_Recorded data_:
....................

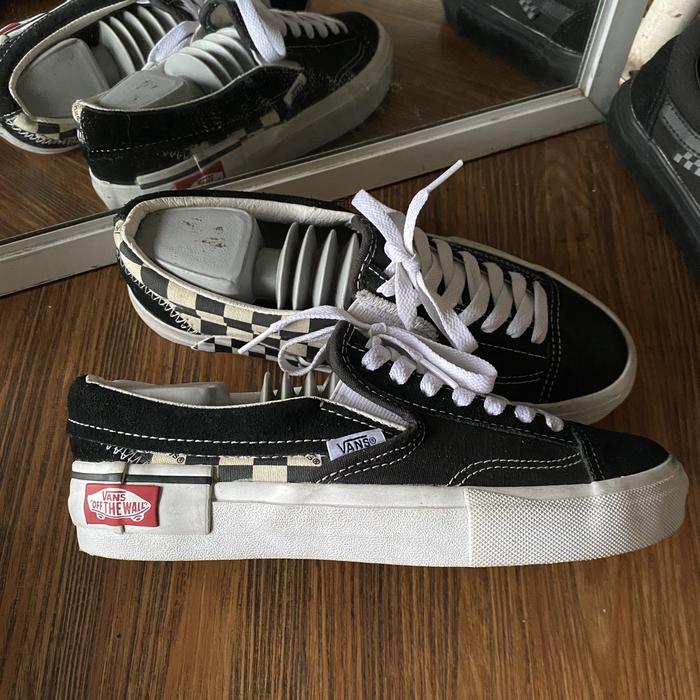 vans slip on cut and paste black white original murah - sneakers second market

....................

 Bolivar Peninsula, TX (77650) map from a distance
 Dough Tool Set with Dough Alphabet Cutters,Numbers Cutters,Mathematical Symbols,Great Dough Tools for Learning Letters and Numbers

....................

_Task objective_: Everything above from the line containing "Bolivar Peninsula, TX" down to the line containing "Dough Tool Set" should be copied exactly, both end lines included, and nothing else.

_Exercise answer_:
 Bolivar Peninsula, TX (77650) map from a distance
 Dough Tool Set with Dough Alphabet Cutters,Numbers Cutters,Mathematical Symbols,Great Dough Tools for Learning Letters and Numbers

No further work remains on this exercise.